June 19, 2019

Taking the Challenge, Both Harper and the Nationals

August 17, 2010 by · Leave a Comment 

Bryce Harper’s new teammates challenged the young man to fish or cut bait in the days before the August 16 signing deadline.  Stephen Strasburg said, “If he doesn’t want to play here, we don’t want him here.”   Ryan Zimmerman was almost as skeptical, saying in effect that he saw more maturity and character in Strasburg as an older more complete individual.  For $10 million Harper took up their challenge and is now fully committed to proving he is up to it.

Almost everyone has sung the praises of Bryce Harper without missing a note.  Adam Kilgore of the Washington Post rightfully likened Bryce Harper to Justin Upton who signed at 17 and was in the majors by 19.  Kilgore projected Harper to rise as quickly as Upton, but Zimmerman was less certain, doubting that junior college would ready Harper for a quick jump.  With a major league contract signed as part of the deal with the Nationals, Harper will have “four option years to finish his minor league apprenticeship, after which he’d have to pass through waivers to return to the farm system,” according to ESPN’s Keith Law.

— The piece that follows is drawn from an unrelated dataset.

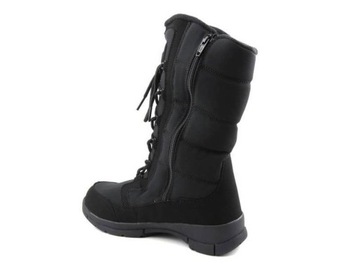 СНЕЖНЫЕ БОТИНКИ ЖЕНСКИЕ AMERICAN CLUB SN07 МЕМБРАННАЯ ОБУВЬ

Harper will start the next leg of his journey as an outfielder after spending most of his amateur career behind the plate.  But with the heightened expectations and shortened time horizon for making the big leagues, Harper’s move to the outfield was a foregone conclusion.  He has the arm for right field, but will spend his minor league years learning the outfield and how to read the ball off the bat. In the end however, it will be his own bat that will spell success.

The worst case scenario that Baseball Prospectus saw this summer for Harper was Adam Dunn.  Saying that a young man as large as Harper was likely to put on weight more like a Dunn than a Griffey, they speculated that at his worst, Harper would be a one-dimensional slugger who hit home runs in bunches like an Adam Dunn.  Not a bad downside bet and one the Nationals were willing to take.

Dunn is the dilemma now.   Do they have the money left to spring for their best slugger in the here and now.  It will take much more to sign Dunn than Harper.  And after the Nationals spent a record amount on their draft, they will have their work cut out for them in the coming off season.  But as Tom Boswell rightly pointed out on Monday morning the Nationals are becoming a better baseball destination, working very effectively with uber-agent Scott Boras.  There may be down sides to that affair, but for now it is reaping dividends in remaking the city into a popular destination for the best in baseball talent.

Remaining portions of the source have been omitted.